Eric Lundell of Sanitary Services explained to the Council that the last rate increase for garbage collection in Cherokee was in 2005. Currently, Sanitary Services charges residents $8.85 per month and the City adds 35-cents for administrative fees (billing) for a total of $9.20.
That number will go to $11.20 following the Council's final passage of the proposed new ordinance to be drawn by City Attorney Wally Miller, Jr.
In addition to the $11.20 billed, the City also pays a $6 per month for each household for a landfill usage fee.
Lundell cited increased costs over the past three years leading Sanitary Services to request the rate hike, including soaring fuel prices, insurance costs, labor costs, and maintenance of equipment.
"That $4.50 to $4.60 per gallon for gas for so long a time really put the pinch on us," explained Lundell, while noting that fuel prices have finally started to drop, but other expenses continue to climb.
Lundell said Sanitary Services averages 1,980 pick-ups per month in Cherokee.
In other business, the Council approved an agreement for a water rate increase effective December 1 for Tyson Foods. Tyson now pays 42-cents per gallon and has paid that amount since the last rate hike in 1990. The new Tyson rate is $1.25 per gallon, which Tyson has agreed to.

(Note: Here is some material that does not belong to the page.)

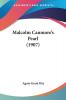 Malcolm Canmore's Pearl (1907)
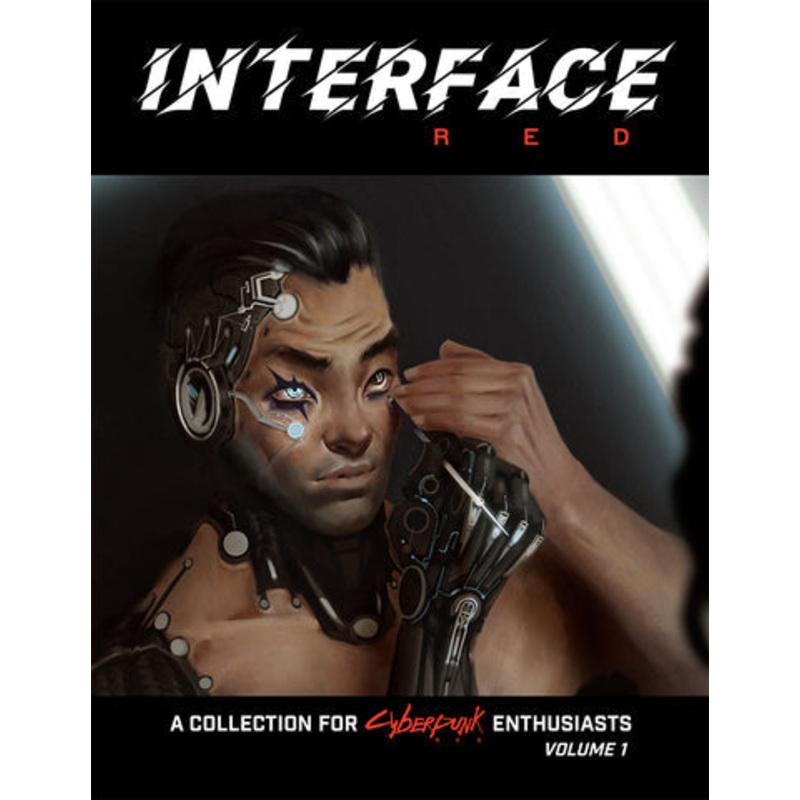 Cyberpunk RED: Interface RED Volume 1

Tyson Foods used 115,645,000 gallons of City water in Fiscal Year (July through June)2007/2008.
The Council also agreed to pursue Tim and Kelly Carlson's request to de-annex from the City. The Carlson's live just east of the Little Sioux River on the east edge of Cherokee and receive no City sewer or water.

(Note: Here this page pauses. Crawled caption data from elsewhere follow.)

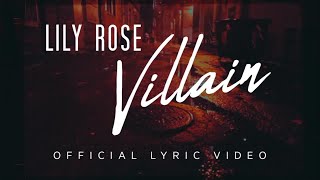 Lily Rose - Villain (Official Lyric Video)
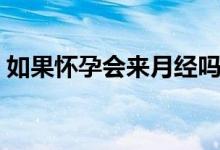 如果懷孕會(huì)來(lái)月經(jīng)嗎（如果懷孕會(huì)來(lái)白帶嗎）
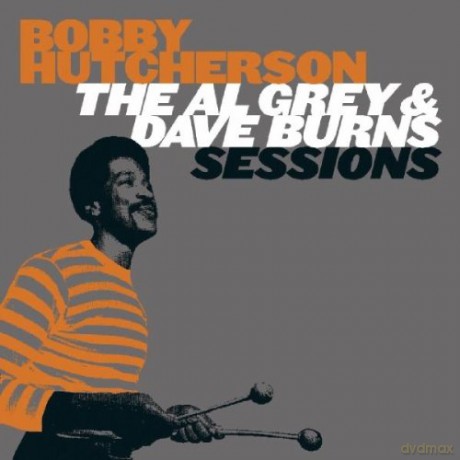 Bobby Hutcherson: The Al Grey & Dave Burns Sessions [CD]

The Council approved authorizing City Attorney Miller to draw up the required legal documentation to allow the Carlson's to secede from the City. The matter will return to the Council agenda after the proper paperwork is completed.
The Council spent consierable time discussing the proposed demolition of a dilapidated house at 324 E. Main St. that the City now owns. That demolition project carries a $4,730 price tag after Schoon Construction of Cherokee turned in the lone bid for the work. It would also cost the City another $2,000 to $4,000 for landfill fees for the demolished materials.
While agreeing that such blighted areas need to be removed throughout the City, the Council was in a quandry as to how to pay for it, as there are no special funds budgeted for such issues.
The eventual motion to approve the demolition project failed and the matter will be addressed at a later date if a funding source can be worked out. The Council also spoke of starting such a fund in the next budgeting sessions.
The Council also gave tentative approval of the Community Center's beer/wine license to The Gathering Place for the annual Cherokee Jazz & Blues Festival January 2, 3, 4, 2009. The license has been transferred for past Cherokee Jazz & Blues Festivals.
However, Council member Linda Burkhart questioned where the profits went from such beer/wine revenues. "Do we charge them for use of the license?" asked Burkhart. "Where do the profits go? To the Jazz Fest or the Gathering Place?"
The unanimous approval for the license transfer remains tentative while interim City Manager Don Eikmeier investigates the matter and reports back to the Council.